Я появился на свет в городе Бомбее… во время оно. Нет, так не годится, даты не избежать: я появился на свет в родильном доме доктора Нарликара 15 августа 1947 года. А в какой час? Это тоже важно. Так вот: ночью. Нет, нужно еще кое-что добавить… Если начистоту, то в самую полночь, с последним ударом часов. Стрелки сошлись, словно ладони, почтительно приветствуя меня. Ах, пора, наконец, сказать прямо: именно в тот момент, когда Индия обрела независимость, я кувырнулся в этот мир[1]{1}. Все затаили дыхание. За окнами – фейерверки, толпы. Через несколько мгновений мой отец сломал большой палец на ноге, но это сущие пустяки по сравнению с тем, что свалилось на меня в сей злополучный, полуночный миг, – берущие под козырек часы, их скрытая тирания, наручниками приковали меня к истории, и моя судьба неразрывно сплелась с судьбою моей страны. И в последующие три десятка лет не было мне избавления. Колдуны предрекли меня, газеты восславили мое появление на свет, политики удостоверили мою подлинность. Меня тогда никто не спрашивал. Я, Салем Синай, позже прозываемый то Сопливцем, то Рябым, то Плешивым, то Сопелкой, то Буддой, а то и Месяцем Ясным, прочно запутался в нитях судьбы – что и в лучшие из времен довольно опасно. А я ведь даже нос не мог подтереть в то время.
Зато теперь время (ничего не значащее для меня) стремится к своему концу. Мне скоро исполнится тридцать один. Может быть. Если позволит моя осыпающаяся, изнуренная плоть. Но я не надеюсь спасти свою жизнь, я даже не могу рассчитывать на тысячу и одну ночь. Я обязан работать быстро, быстрей, чем Шахерезада, если хочу найти хоть какой-нибудь смысл, да, смысл. Должен признаться: больше всего на свете я страшусь бессмыслицы.

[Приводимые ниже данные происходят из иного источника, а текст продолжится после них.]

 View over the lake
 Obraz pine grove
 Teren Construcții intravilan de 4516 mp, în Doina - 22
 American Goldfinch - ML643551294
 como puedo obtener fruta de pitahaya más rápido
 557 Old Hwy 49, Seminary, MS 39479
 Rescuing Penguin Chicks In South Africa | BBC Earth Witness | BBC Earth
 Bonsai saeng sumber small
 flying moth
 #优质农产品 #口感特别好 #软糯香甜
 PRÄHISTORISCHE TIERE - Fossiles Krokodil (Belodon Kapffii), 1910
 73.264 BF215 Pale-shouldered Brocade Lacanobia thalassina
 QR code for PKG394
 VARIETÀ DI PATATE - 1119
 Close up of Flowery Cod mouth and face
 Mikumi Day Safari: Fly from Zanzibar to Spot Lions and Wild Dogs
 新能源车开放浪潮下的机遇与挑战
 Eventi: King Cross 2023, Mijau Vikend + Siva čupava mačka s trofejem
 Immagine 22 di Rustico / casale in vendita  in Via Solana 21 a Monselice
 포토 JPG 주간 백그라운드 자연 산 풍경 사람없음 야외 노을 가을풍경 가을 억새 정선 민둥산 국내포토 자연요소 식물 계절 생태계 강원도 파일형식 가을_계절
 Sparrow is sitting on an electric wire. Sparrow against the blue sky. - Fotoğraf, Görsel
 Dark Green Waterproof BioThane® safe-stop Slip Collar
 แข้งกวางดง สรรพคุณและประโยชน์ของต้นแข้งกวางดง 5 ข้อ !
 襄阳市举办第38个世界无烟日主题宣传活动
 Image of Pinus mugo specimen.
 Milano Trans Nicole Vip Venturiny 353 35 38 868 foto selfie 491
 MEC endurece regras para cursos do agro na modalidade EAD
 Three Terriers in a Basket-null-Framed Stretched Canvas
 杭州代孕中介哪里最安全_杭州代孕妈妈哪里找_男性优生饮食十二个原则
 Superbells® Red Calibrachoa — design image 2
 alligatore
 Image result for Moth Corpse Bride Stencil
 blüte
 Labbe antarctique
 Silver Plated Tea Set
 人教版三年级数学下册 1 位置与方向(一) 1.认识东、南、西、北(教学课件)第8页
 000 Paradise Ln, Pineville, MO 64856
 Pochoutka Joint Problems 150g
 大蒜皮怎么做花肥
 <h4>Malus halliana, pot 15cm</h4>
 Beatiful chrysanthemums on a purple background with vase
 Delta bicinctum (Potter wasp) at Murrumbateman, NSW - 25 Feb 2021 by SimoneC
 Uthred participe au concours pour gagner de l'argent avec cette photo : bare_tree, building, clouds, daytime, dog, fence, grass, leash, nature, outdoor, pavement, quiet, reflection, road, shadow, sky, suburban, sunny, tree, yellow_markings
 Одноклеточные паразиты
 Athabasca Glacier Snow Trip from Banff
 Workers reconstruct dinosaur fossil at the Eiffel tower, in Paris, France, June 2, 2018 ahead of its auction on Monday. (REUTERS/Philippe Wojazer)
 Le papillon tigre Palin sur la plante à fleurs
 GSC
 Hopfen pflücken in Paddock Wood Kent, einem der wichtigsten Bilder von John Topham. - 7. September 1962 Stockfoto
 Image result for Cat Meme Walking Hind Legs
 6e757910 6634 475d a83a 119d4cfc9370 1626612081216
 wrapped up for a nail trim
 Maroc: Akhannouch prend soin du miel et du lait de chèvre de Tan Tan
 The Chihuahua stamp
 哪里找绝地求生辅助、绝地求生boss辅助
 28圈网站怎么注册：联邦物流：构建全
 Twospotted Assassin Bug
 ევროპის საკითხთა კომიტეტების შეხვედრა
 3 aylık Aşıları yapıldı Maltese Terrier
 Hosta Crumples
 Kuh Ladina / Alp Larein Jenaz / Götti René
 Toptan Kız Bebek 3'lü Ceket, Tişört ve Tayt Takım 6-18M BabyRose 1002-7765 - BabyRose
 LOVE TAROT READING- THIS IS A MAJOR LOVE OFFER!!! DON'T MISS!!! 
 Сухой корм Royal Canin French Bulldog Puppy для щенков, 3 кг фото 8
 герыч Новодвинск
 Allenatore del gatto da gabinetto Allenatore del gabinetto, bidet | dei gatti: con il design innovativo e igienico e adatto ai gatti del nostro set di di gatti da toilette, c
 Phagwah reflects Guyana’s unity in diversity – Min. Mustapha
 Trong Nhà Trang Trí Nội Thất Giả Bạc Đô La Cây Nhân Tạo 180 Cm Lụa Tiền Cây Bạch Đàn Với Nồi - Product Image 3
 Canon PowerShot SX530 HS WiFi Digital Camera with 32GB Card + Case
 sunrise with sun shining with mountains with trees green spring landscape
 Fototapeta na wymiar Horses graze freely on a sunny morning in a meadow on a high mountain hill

А нужно сообщить так много, слишком много историй, уйму жизней, событий, чудес, мест, слухов, такую густую смесь невероятного и приземленного! Я был поглотителем жизней; узнав меня хотя бы в одной из моих ипостасей, вы тоже поглотите их немало. Пожранные толпы теснятся, толкаются во мне; и, ведомый памятью о широкой белой простыне с прорезанной в центре неровной круглой дырою дюймов семь в диаметре, прилепившись мечтою к этому пробуравленному, искромсанному полотнищу, моему талисману, моему сезам-откройся, я начну, пожалуй, заново выстраивать мою жизнь с той точки, когда она началась на самом деле, года за тридцать два до начала, с такой же очевидностью, с такой же данностью, как и мое преследуемое боем курантов, запачканное злодеянием рождение.
(Простыня, кстати, тоже испачкана, там три старых выцветших красных пятна. Как нам вещает Коран: «Читай, во имя Господа твоего, который сотворил человека из сгустка»){2}.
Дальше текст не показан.